Always helpless, always asking for our protection, books and paintings are full of boys. I once read that Lady Di’s success was in her photos, impossible to take a bad photo of her because her helpless image aroused in the spectator the need to be her friend. The same happens with children main characters, when the book ends we continue having the need to be at their side.
Bartolomé Esteban Murillo, a Baroque Spanish painter, knew it. He worked for the Church and nobles but, in spite of it, whenever he could he transformed Virgins, Madeleines and Saints into girls and boys, preferably poor children… still more helpless.
From Bartolomé Esteban Murillo to Mark Twain exits a gap of centuries and countries. But Twain also understood how a child catch our feelings and imagination. “The adventures of Tom Sawyer” have been a best-seller from its publication in 1876 but his next novel (continuation of this one), “Adventures of Huckleberry Finn”, it was a major success since Huck is much more helpless than Tom as well as his problems and sufferings.
How many comics, films or cartoons have been made of both books? Countless.
Psychologists used to say the worst time for a person is adolescence, when all the contradictions are present. Maybe, but if you need a living, if you don’t have food or a place to rest or an adult who takes care of you: then, childhood is worst, and readers or spectators feel into the skin of this scabby cripple boys who are eating melon or bread in Murillo’s paintings.

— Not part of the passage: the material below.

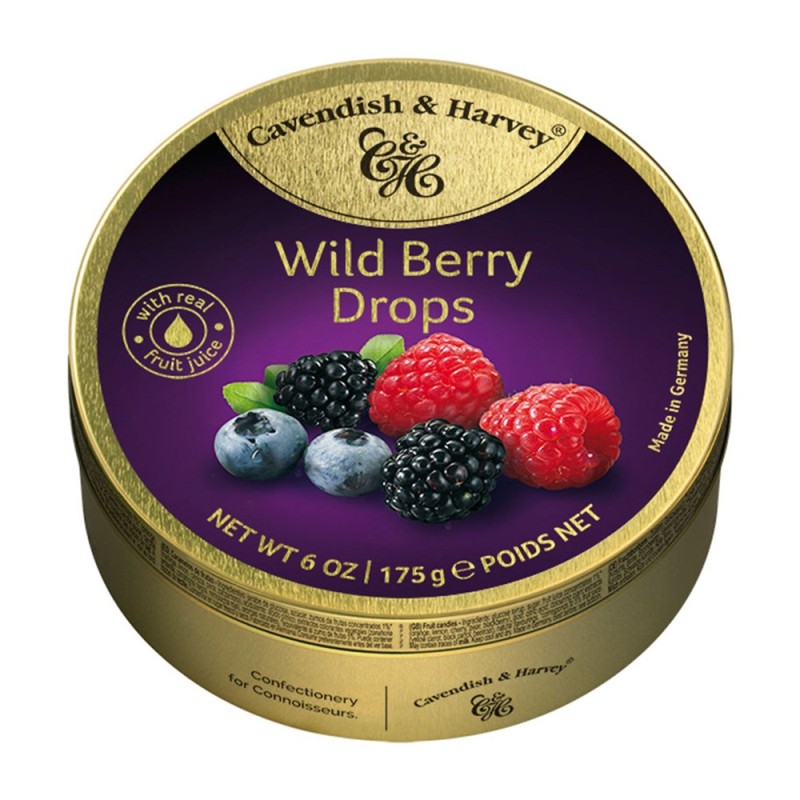 Bomboane cu Fructe de Padure Cavendish & Harvey, 175 g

Recently, other children main characters have had great success: “Harry Potter”, “The boy in the Striped Pajamas” or even “Millenium”, because what moves us of Lisbeth Salander is her childhood, not her present of strong clever woman.
I am going to read “Oliver Twist” by Dickens again and maybe “Alice in Wonderland”. Perhaps I will find inspiration and I can write about a child and I will be famous.